═════ THE DATA
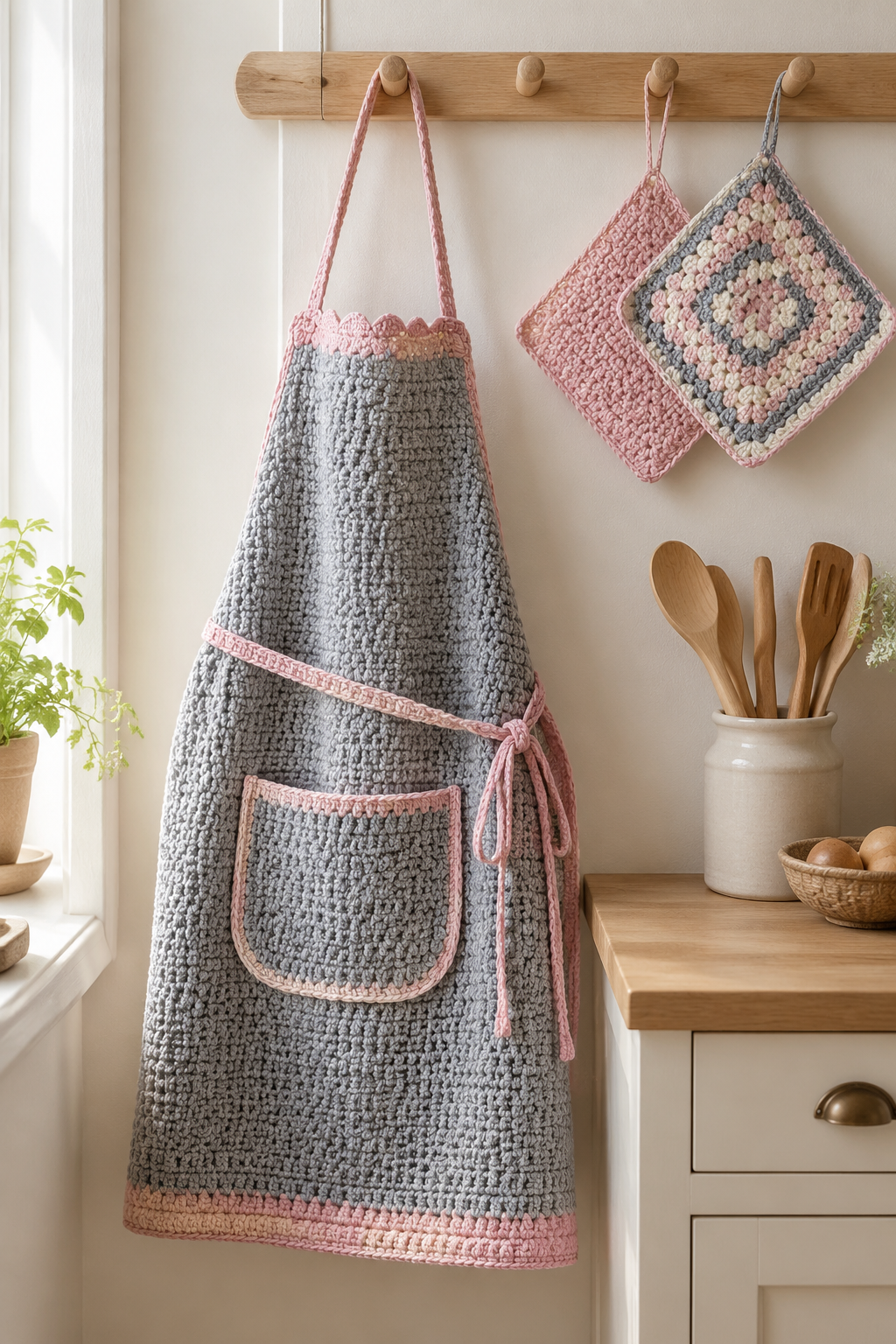 Gehaakt schortje in grijs en roze: inspiratie voor de keuken
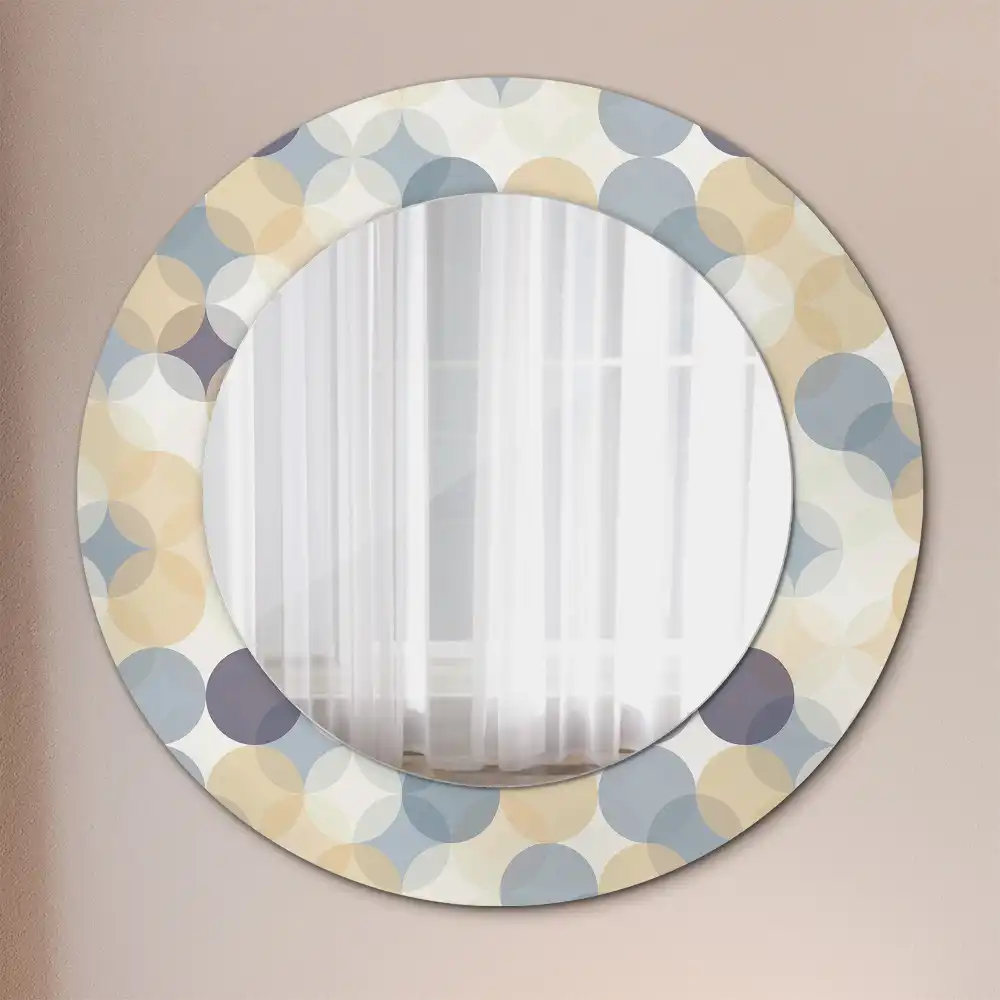 Oglindă rotundă decorativă cu cercuri geometrice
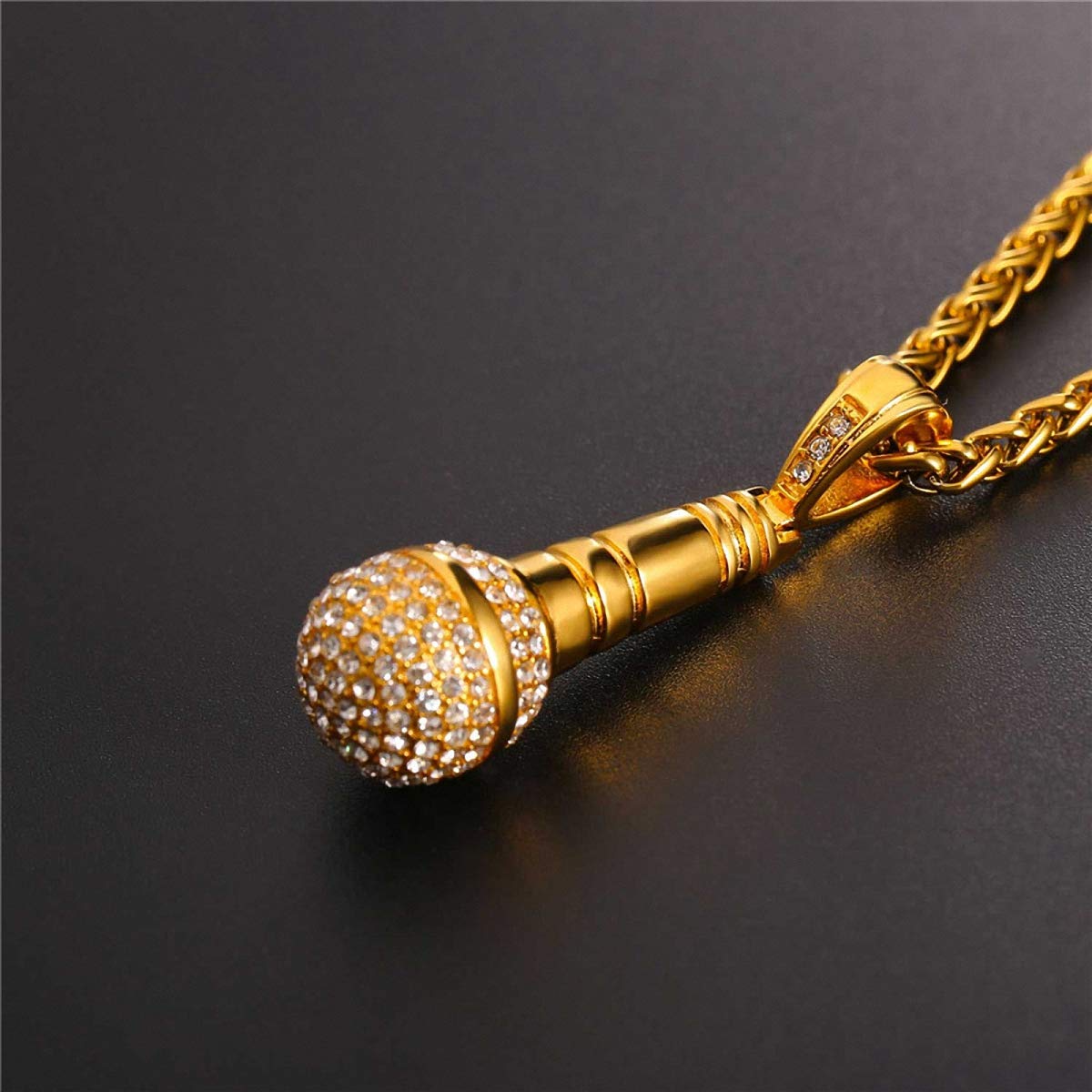 Stainless Steel Gold Rhinestone Microphone Pendant Ice Out Chain Necklace for Men & Women - Perfect for Concerts, Parties & Hip Hop Fashion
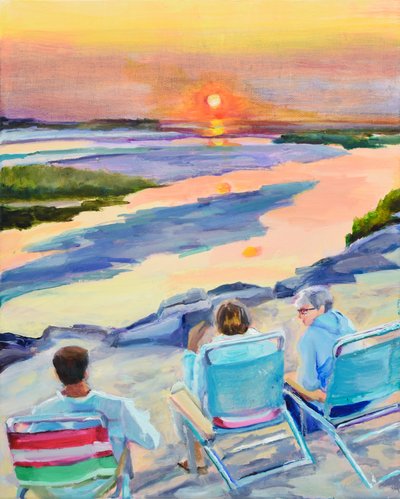 Ontspannende zonsondergang aan de kust door Maxine Shore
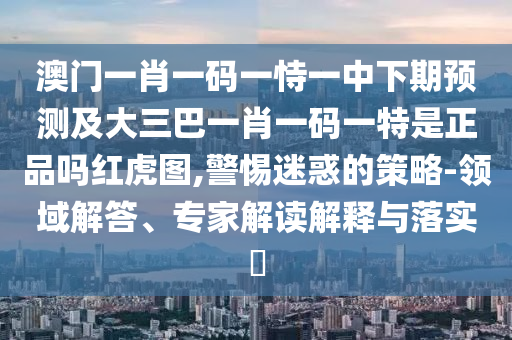 澳門一肖一碼一恃一中下期預(yù)測及大三巴一肖一碼一特是正品嗎紅虎圖,警惕迷惑的策略-領(lǐng)域解答、專家解讀解釋與落實(shí)?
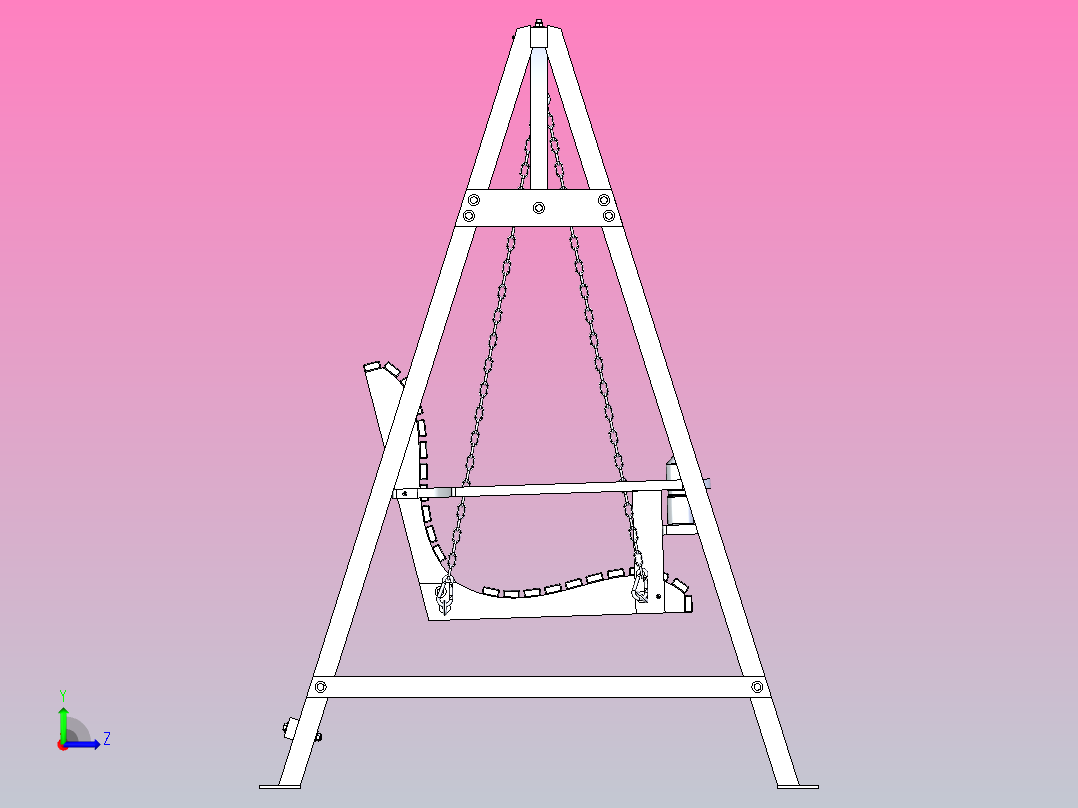 木质双人摇椅左视图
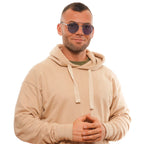 Metall- und Kunststoff-Sonnenbrille in Blau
══════════
**ACTIVITY**
Only one part of the listing is wanted: the lines from the one containing "Oglindă rotundă decorativă" through the one containing "Ontspannende zonsondergang aan", both included. Please transcribe it exactly, leaving out the pictures.

**SOLUTION**
 Oglindă rotundă decorativă cu cercuri geometrice
 Stainless Steel Gold Rhinestone Microphone Pendant Ice Out Chain Necklace for Men & Women - Perfect for Concerts, Parties & Hip Hop Fashion
 Ontspannende zonsondergang aan de kust door Maxine Shore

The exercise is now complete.